**What you will do:**
In the records below, take the line with "Hotel Lou Marques" and all lines after it, and copy them exactly, pictures excluded.

**Record excerpts:**
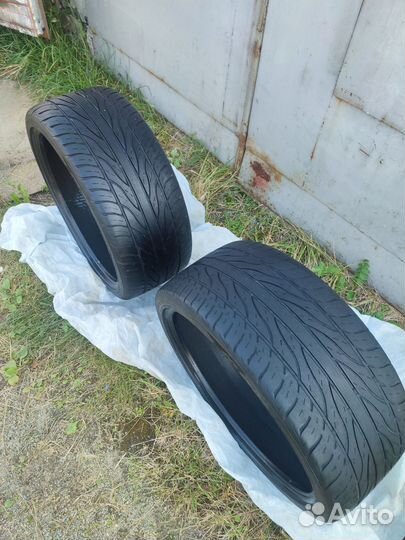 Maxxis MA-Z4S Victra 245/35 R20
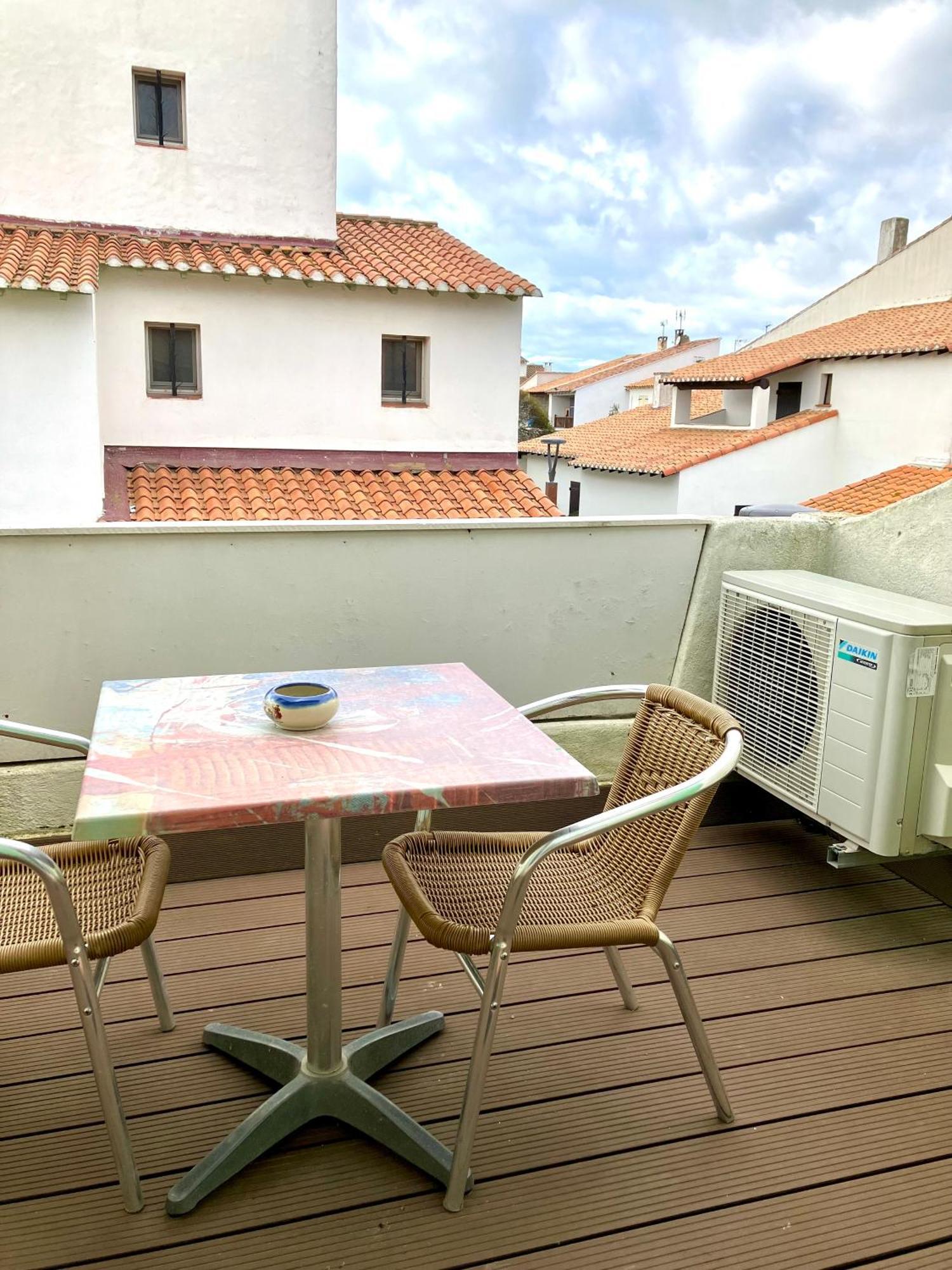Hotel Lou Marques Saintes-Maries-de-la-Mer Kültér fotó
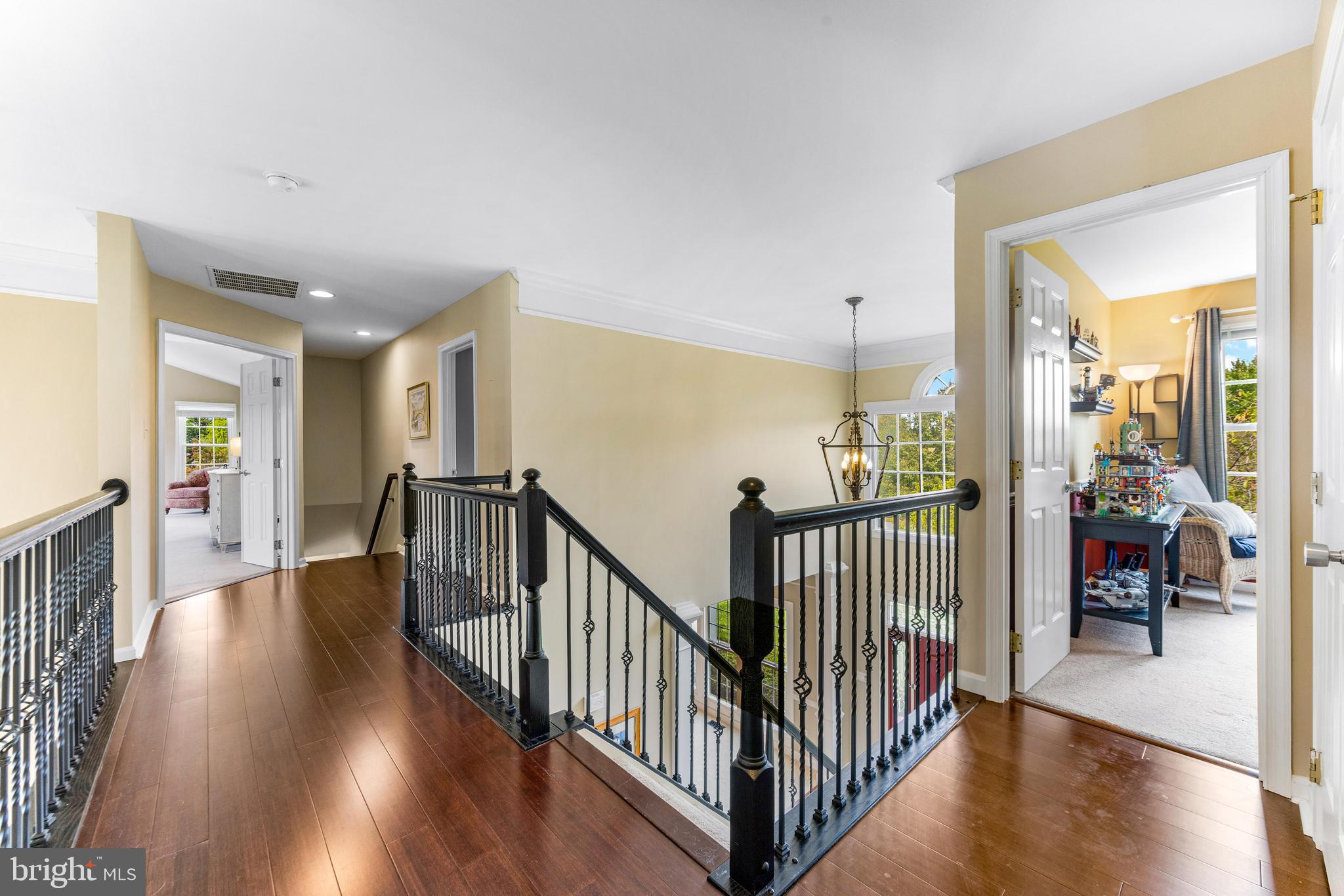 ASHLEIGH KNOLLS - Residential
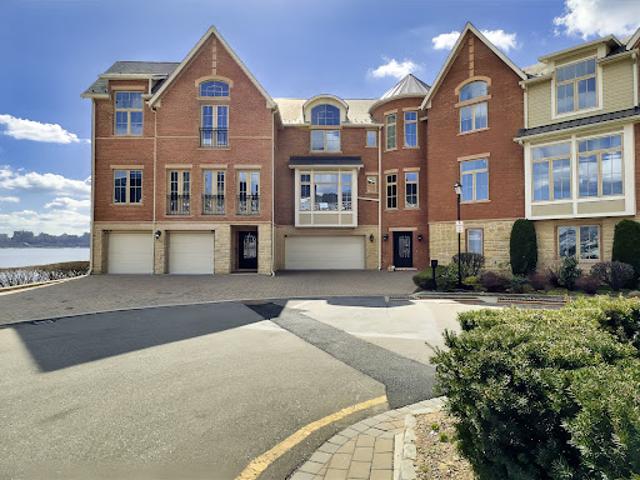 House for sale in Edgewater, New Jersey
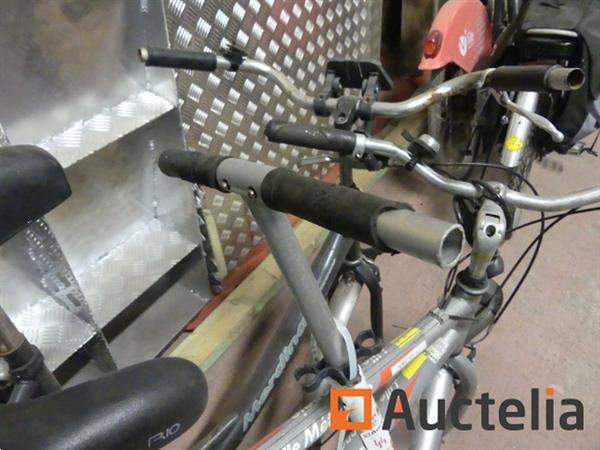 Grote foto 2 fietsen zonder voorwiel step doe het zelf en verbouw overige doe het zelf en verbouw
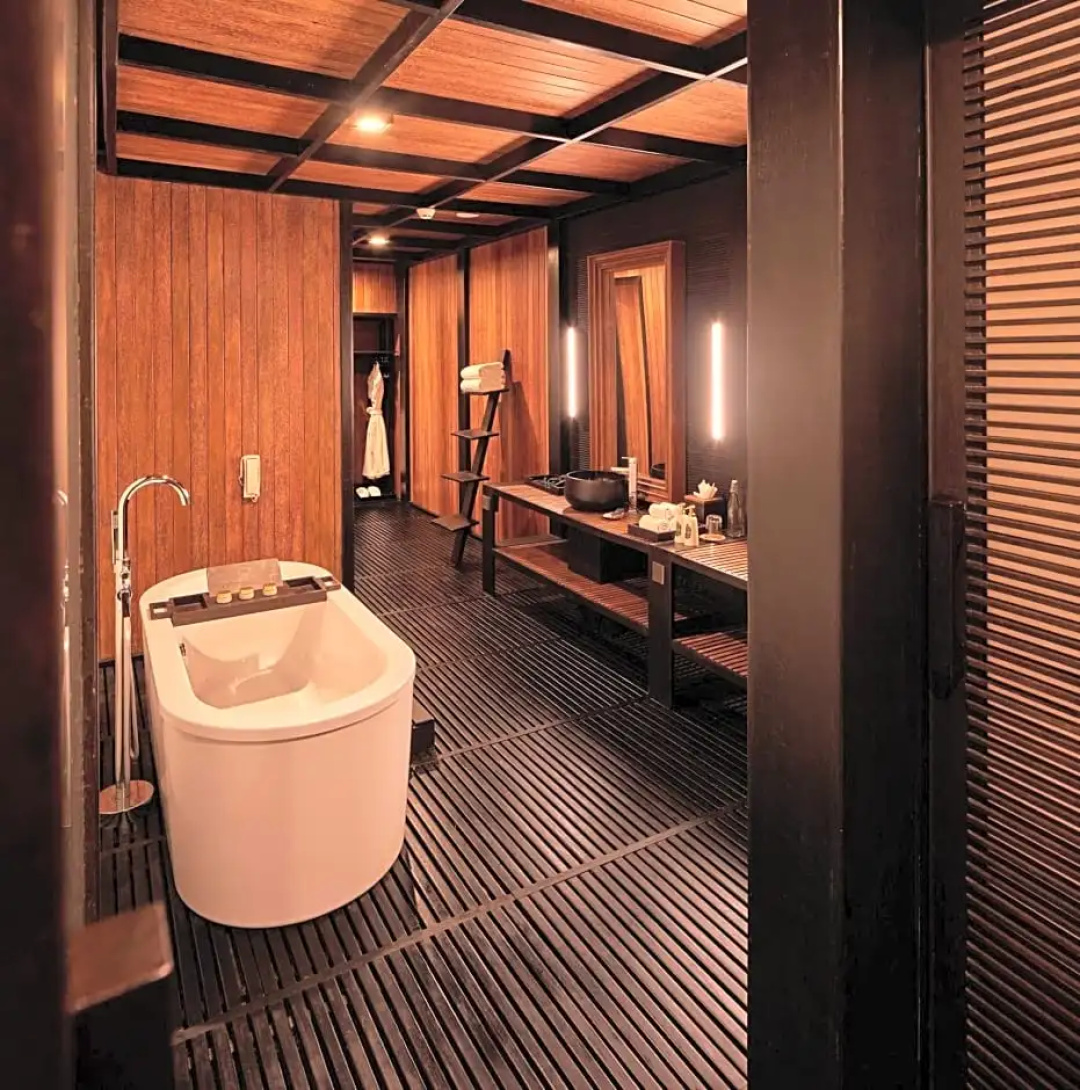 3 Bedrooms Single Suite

**Result of the task:**
Hotel Lou Marques Saintes-Maries-de-la-Mer Kültér fotó
 ASHLEIGH KNOLLS - Residential
 House for sale in Edgewater, New Jersey
 Grote foto 2 fietsen zonder voorwiel step doe het zelf en verbouw overige doe het zelf en verbouw
 3 Bedrooms Single Suite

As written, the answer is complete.